Before my family was obliterated by divorce, we lived in a three bedroom home, an “A-frame” house, with wood siding and a deck that wrapped around half the building like an incomplete skirt, and a small front yard where my brothers and I, neighborhood kids included, engaged in whiffle ball, tackle football and foot races.
I was seven. My father, in school for his Bachelor’s Degree in Nursing, brought home a word processor: a fifteen inch monitor atop of a horizontal base where the computer’s inner-workings were housed. The computer was utilitarian: though it had the shape of more flexible PCs, it processed words…and nothing else.
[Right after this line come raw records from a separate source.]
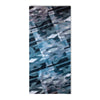 Original Ecostretch Skae Dusy Blue Skae Dusy Blue - BUFF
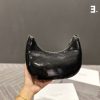 New Fashion Bag J3083 TEN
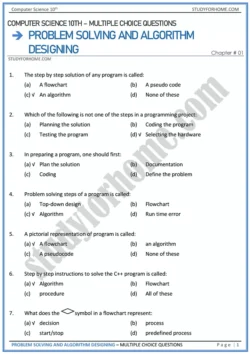 problem-solving-and-algorithm-designing-multiple-choice-questions-computer-science-class-10th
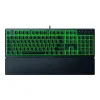 Razer Ornata V3 X UKR (RZ03-04471900-R371)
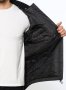 Мъжко яке JACK & JONES Tech Quilted, Водоотблъскващо яке, снимка 4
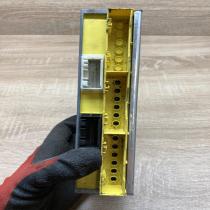 6922464 037078070  Airbag control unit/module BMW 7 E65 E66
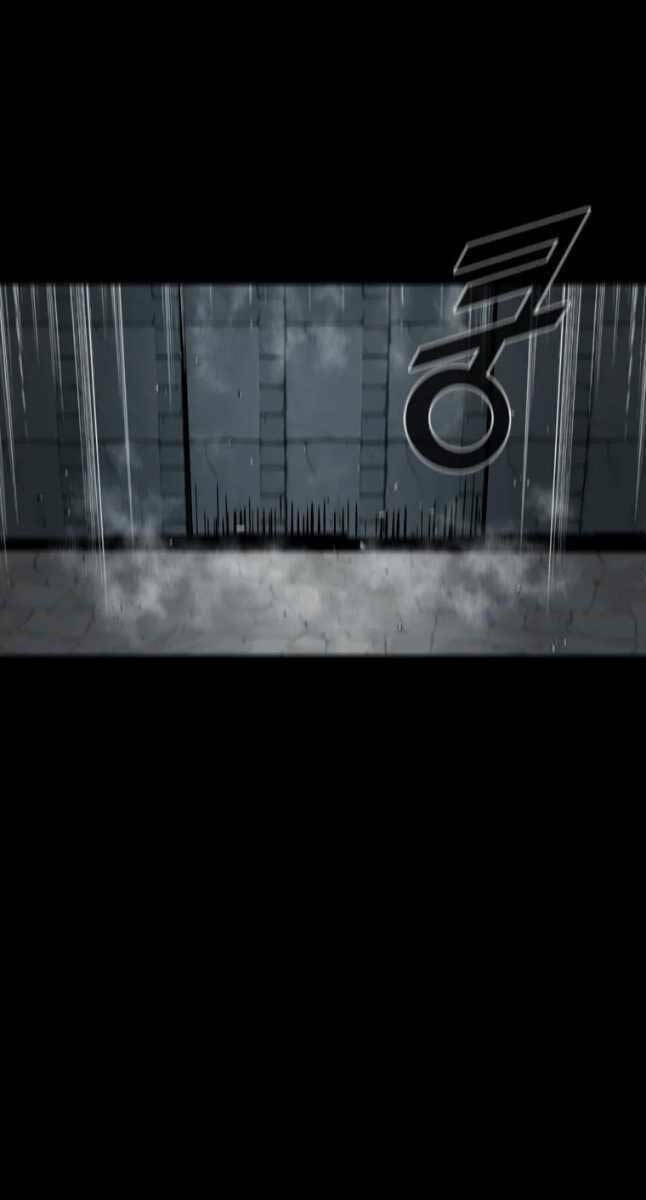 Mật Mã Mê Cung Chapter 70 - Trang 2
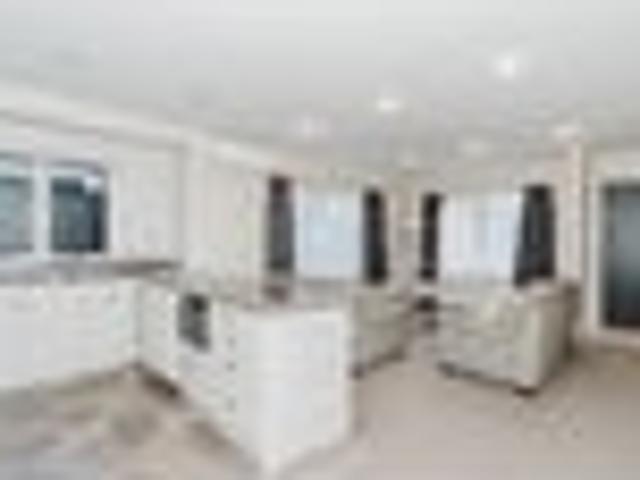 Townhouse for sale in Dinsdale
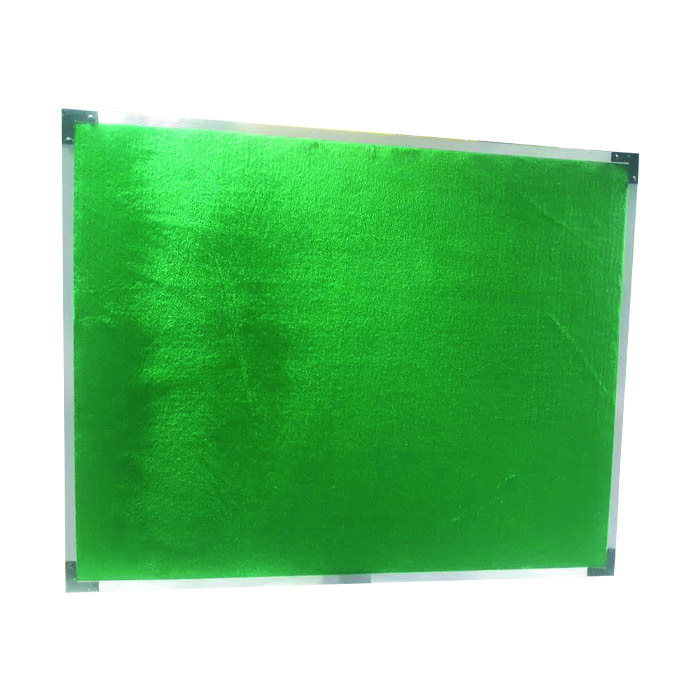 تخته اعلانات مدل P98 سایز 100*80 سانتی متر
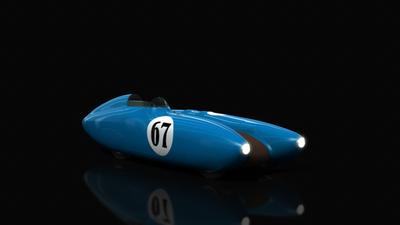 f_67_blue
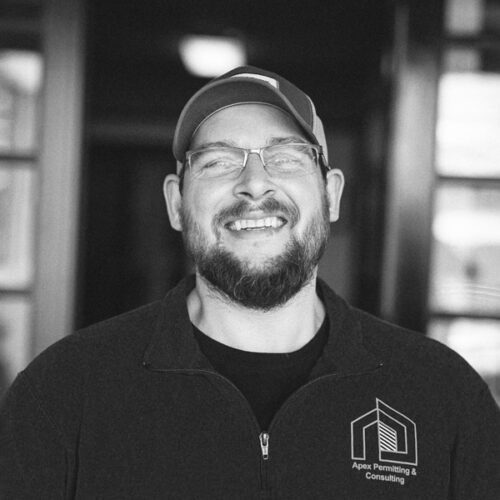 Lane-Smith-Headshot-BW-600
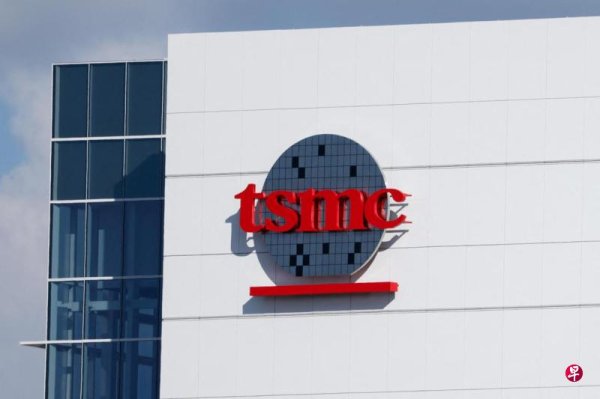 TSMC s net profit hits a new high of 17.4 billion yuan in the second quarter, and is cautious about the impact of tariffs
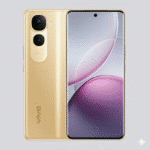 Vivo Y400 Pro 8GB / 256GB India - Image 2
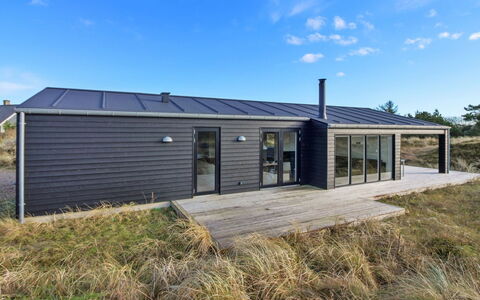 Jirina - 750M from the Sea: Roof, Cottage, Siding, Farmhouse, Garden Buildings, Shed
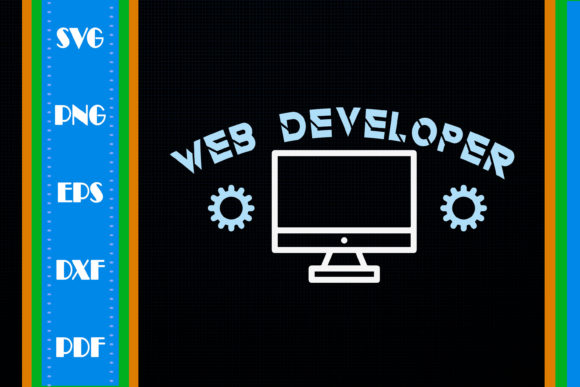 Web Developer: A Designer’s Real-World Embroidery Review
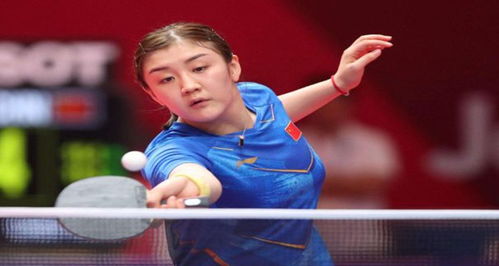 这标志着更 这标志着更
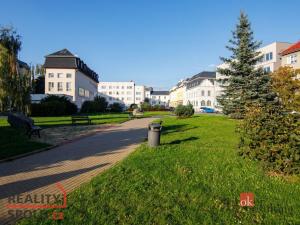 Prodej rodinného domu, Bruntál, Dr. E. Beneše, 49 m2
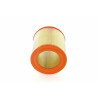 Filtre à air BOSCH 1 457 432 138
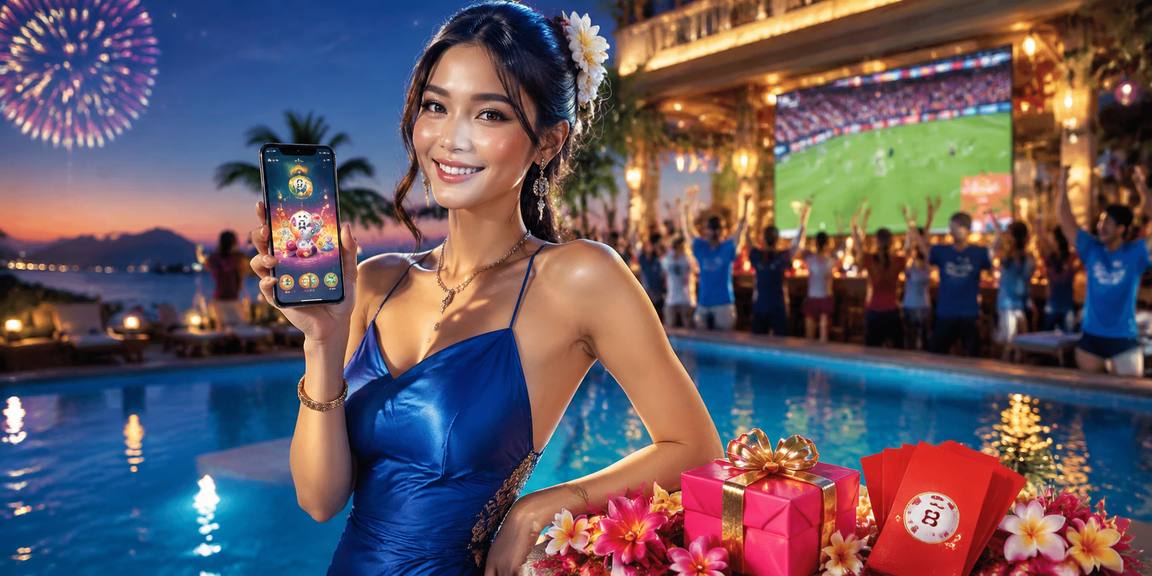 8888myanmar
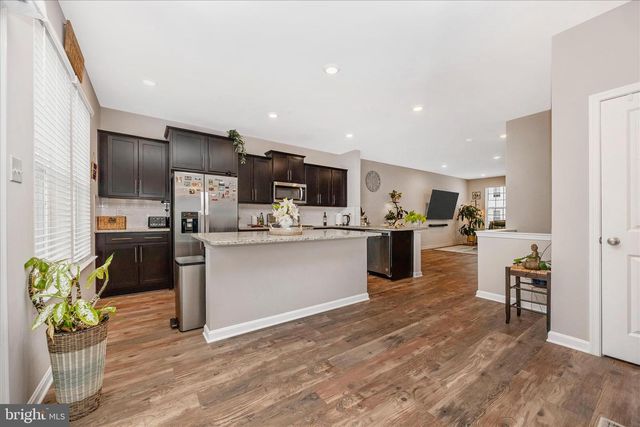 5044 MACDONOUGH PL, Frederick, MD 21703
Before the machine’s arrival, I had no discernible desire to write. I was atypical, I suppose. I didn’t care for reading as entertainment, I never scribbled stories in a spiral notebook. But I played with action figures, pretended to be a ninja and spoke to myself often. My mother thought I had an imaginary friend. When I told her, “No Mom, I’m talking to myself,” she frowned and said, “Dennis, only crazy people do that.” So sure, I had the makeup of a writer, after all.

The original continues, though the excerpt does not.